# Smallest fish caught on a hook?



## Wilbur

Since it's too windy to kayak lately, I pulled out my fly rod and tied on a #20'ish size wet fly and fished me neighborhood pond. Wow, you have to look close to see this guy. A mirrolure could eat him


----------



## below me

lol. what a catch!


----------



## Snatch it

Really??? Too funny


----------



## BlackJeep

I got that beat. Not sure what this guy was thinking but he impaled his whole body on the hook because his mouth wasn't big enough.


----------



## BlackJeep

I'm even more proud of this guy...


----------



## pompanopete

LOL funny pics... could fit a slam in one hand. Hey Wilbur. are you gonna get that beast mounted???


----------



## Trophyhusband

BlackJeep said:


> I'm even more proud of this guy...


Thant thing is awesome!


----------



## Trophyhusband

My dad and I were salmon fishing and threw another line out hoping to pick up shad for crab bait. My dad caught the smallest salmon of his life.


----------



## Wilbur

BlackJeep said:


> I'm even more proud of this guy...


Oh wow! Ha. I think you do have me beat. 
Pete- Good idea. I'll contact some Keebler Elf people and see if they have a taxidermist.


----------



## Hawkseye

I was working a spook a couple years ago for Specs and had a spec not quite half the size of the spook, nail it. When I reeled it in, I couldn't help laughing as "You're a chicken and I'm a chicken hawk" started racing through my mind.


----------



## Chris V

That tiny flounder is awesome.
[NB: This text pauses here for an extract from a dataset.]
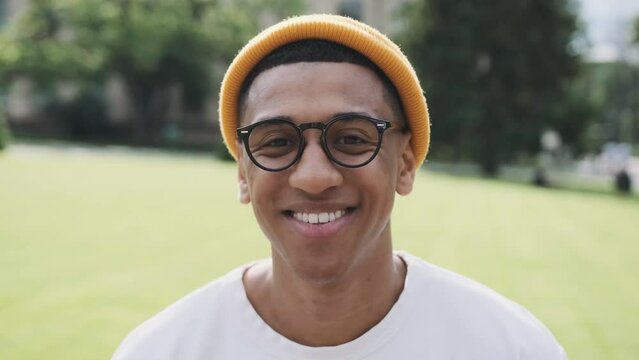 Portrait of a young stylish African American student. Young cheerful mulat wearing glasses smiling at the camera.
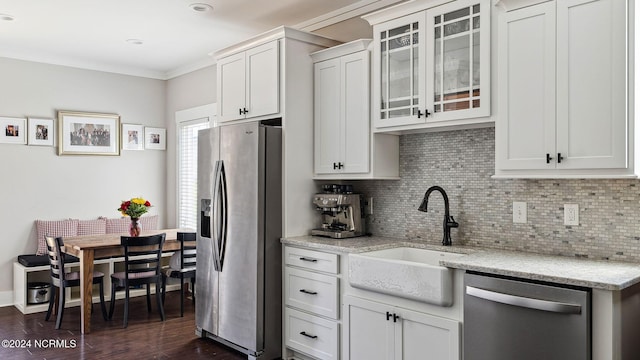 kitchen featuring backsplash, appliances with stainless steel finishes, a sink, and dark wood finished floors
Something tells me with his appetite and attitude, he won't live long.

I caught a Sargeant Major in the keys a couple yrs ago that was about 2 inches long. I don't know how the point of the hook even got in its mouth.


----------



## Ardiemus

Wilbur that's a huge one. Good thing you're in good shape!


----------



## CobeSlayer2012

haha the pics are too funny! :laughing:


----------